On 3 March 1801, as rumours of a diplomatic rift between Britain and Second League of Armed Neutrality were first reaching the Danish West Indies, and a full month before the first Battle of Copenhagen, Lougen met and fought with and the privateer Experiment off West Kay, St Thomas. The two British ships approached the brig Lougen, under the command of Captain Carl Wilhelm Jessen, and the schooner Den Aarvaagne. Arab, commanded by Captain John Perkins, approached the two Danish vessels and, according to Danish accounts, without warning, fired several broadsides at Lougen before the Danish ship was able to return fire.

Lougen, which had escaped serious damage, began to return fire steadily. Experiment initially attempted to capture Den Aarvaagne, but Den Aarvaagne obeyed orders to stay out of the fight and instead escaped south to Christiansted on St Croix with its intelligence on British actions. Experiment then joined Arab in the attack on Lougen, with the two British ships sandwiching the Danish ship. During the engagement, which lasted for over an hour, one of Lougens shots struck the Arabs cathead and loosed the bower anchor. (Perkins reported that it was the first shot from Lougen that loosed the bower anchor.) Arabs crew was unable to cut the anchor free, leaving Arab unable to manoeuvre effectively.
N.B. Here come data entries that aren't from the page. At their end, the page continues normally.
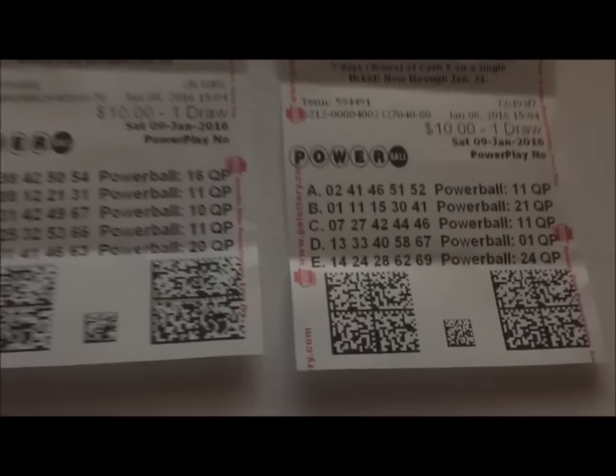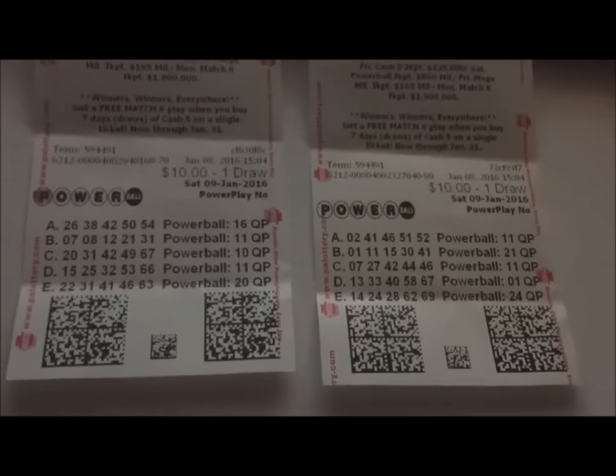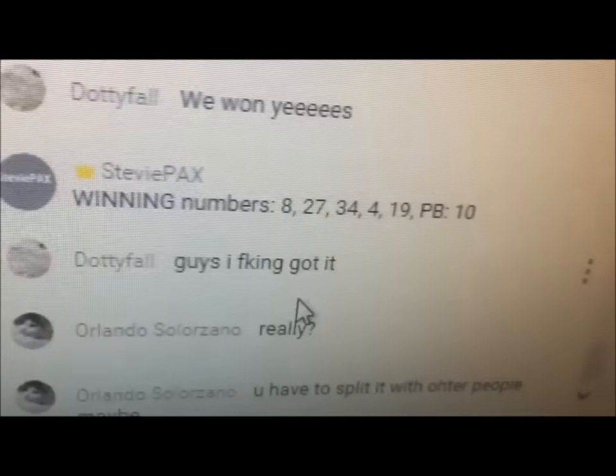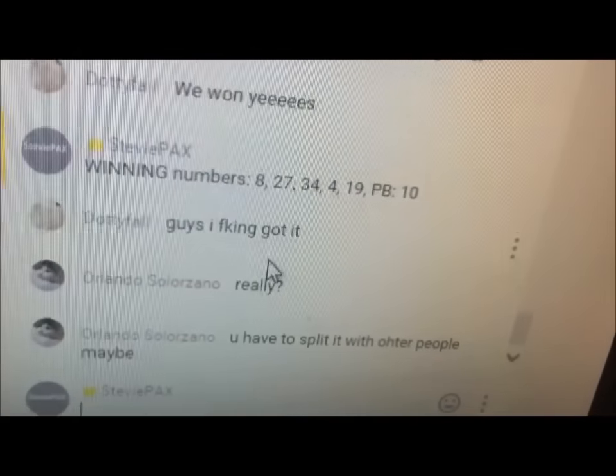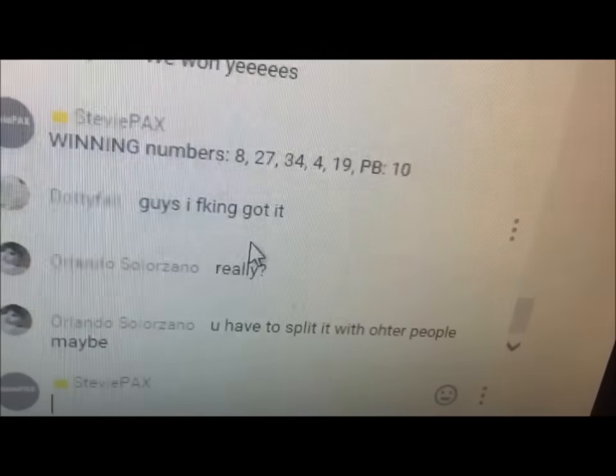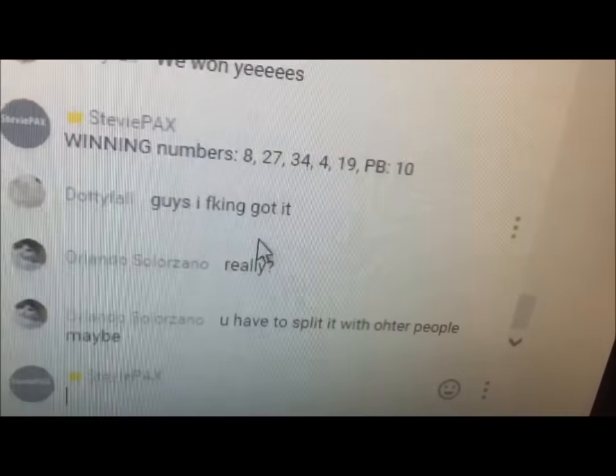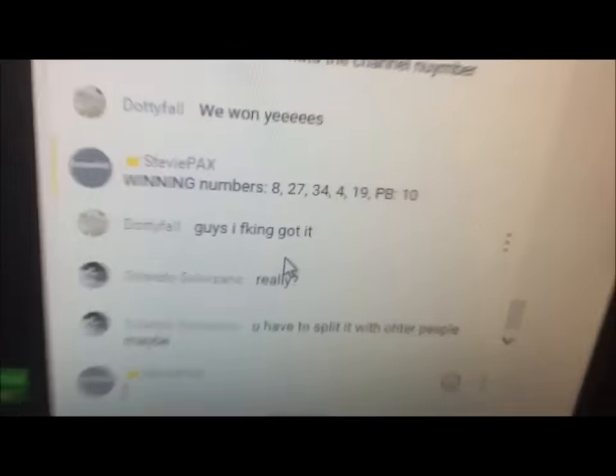Okay guys, here are my numbers and here are the winning numbers I have on my ticket right now. Sadly we didn't win, but it's 8, 27, 34, 4, 19, and Powerball is 10.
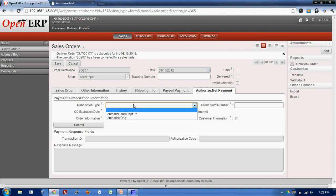Transaction type, there are two types of transaction mainly known as Authorize and Capture and another is Authorize Only.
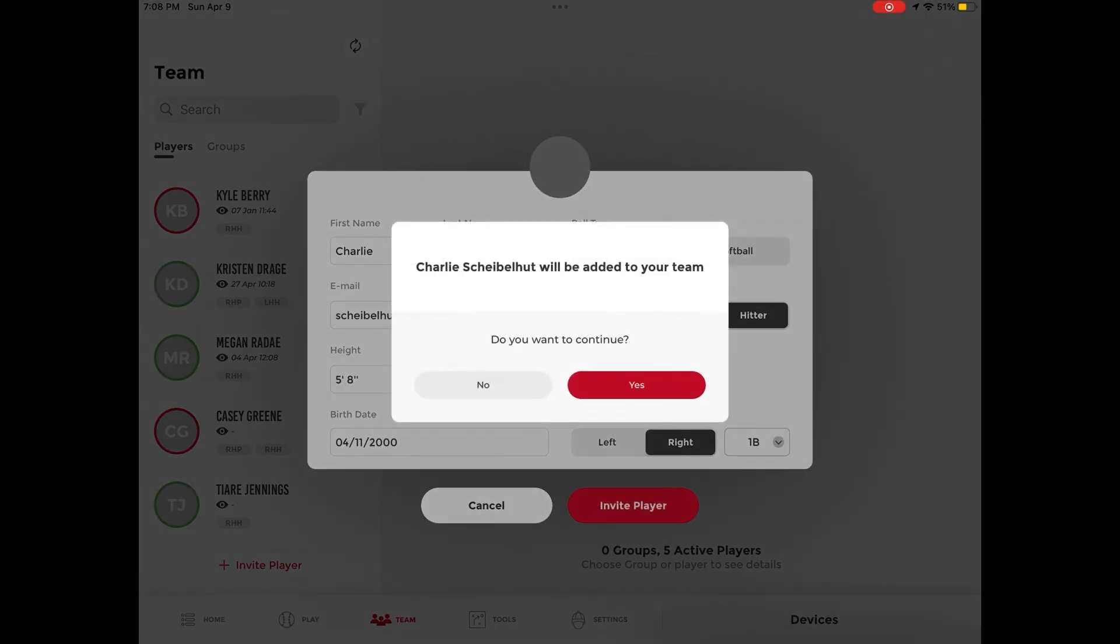When inviting players from the Diamond app, this will create an offline player profile that can be used to record data before the player accepts their email invitation.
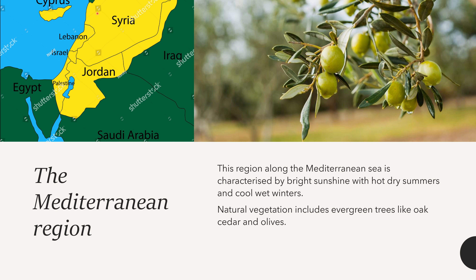Parts of southwestern Asia along the Mediterranean Sea have a Mediterranean type of climate. This region is characterized by bright sunshine with hot dry summers and cool wet winters. The coastal areas of Syria, Lebanon, Israel, parts of Palestine and Jordan all have a Mediterranean type of climate, where summers are hot but winters are very cool and wet.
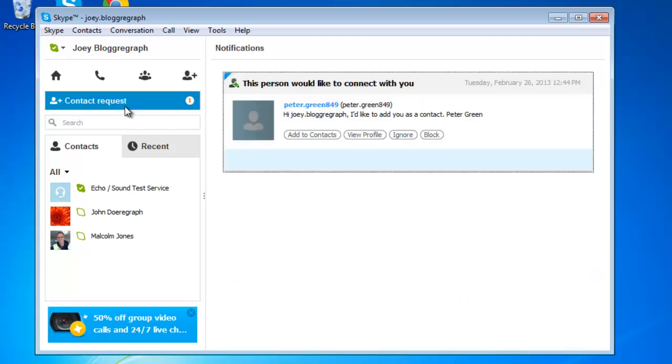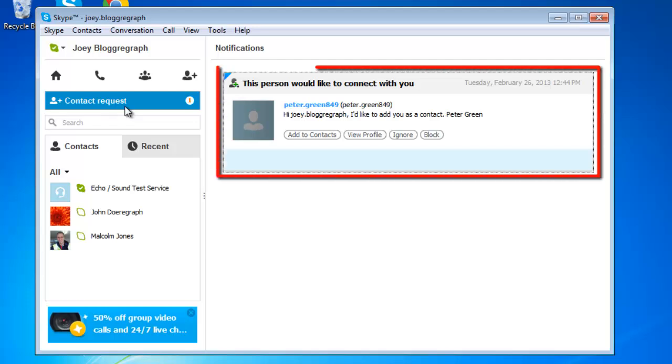Click on this contact request title bar to see the details of your requests. Each request will be in a separate pane. These appear on the right hand side of the Skype window.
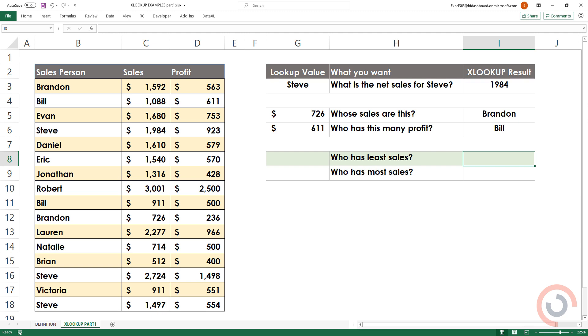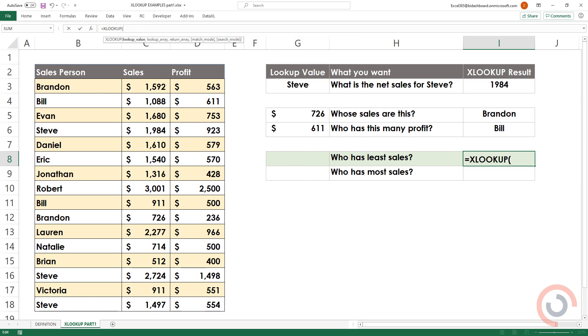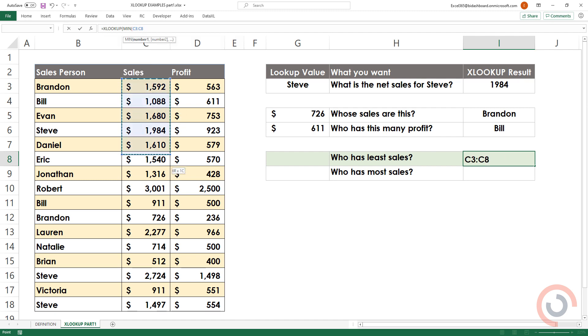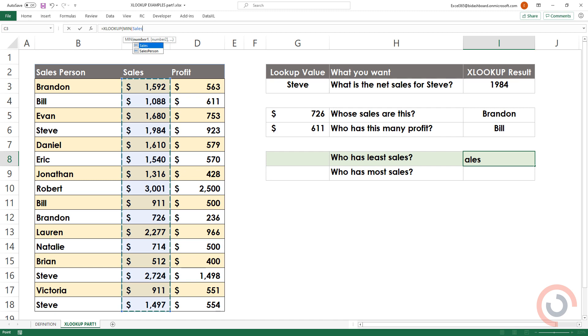In this case, we would like to know who has the least in sales. XLOOKUP, open bracket. Add a lookup value. In this case, we'll apply the MIN function to find the minimum sales in the range.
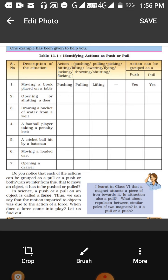The second example is opening or shutting a door. What type of action will be applied in opening or shutting a door? You have to fill in the columns, and then write whether the action of opening or shutting a door will be called push or pull. We will open a door by pushing, and we can also open a door by pulling, so both columns will be marked yes.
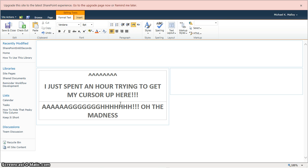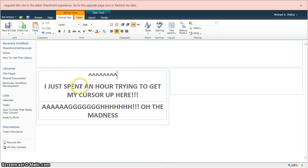Now tell me if this has ever happened to you. You're in there, you're doing your development, you're working on a page, and you're trying to move this table down, or you want to get your cursor up here to type something.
This allowed Jessen to steer a course that brought Lougen under the protection of the shore batteries and then into St Thomas. The Danish government awarded Captain Jessen a presentation sword made of gold, a medal and 400 rixdollars (the equivalent of a whole year's salary for a captain in the Danish Navy) for his actions.

==Fate==

British military dominance in the area could not be countered. British forces took Lougen as a prize when they occupied the Danish West Indies in March. One year later, in 1802, the British returned Lougen to Denmark when peace was restored. The Danes later decommissioned the brig and she was broken up.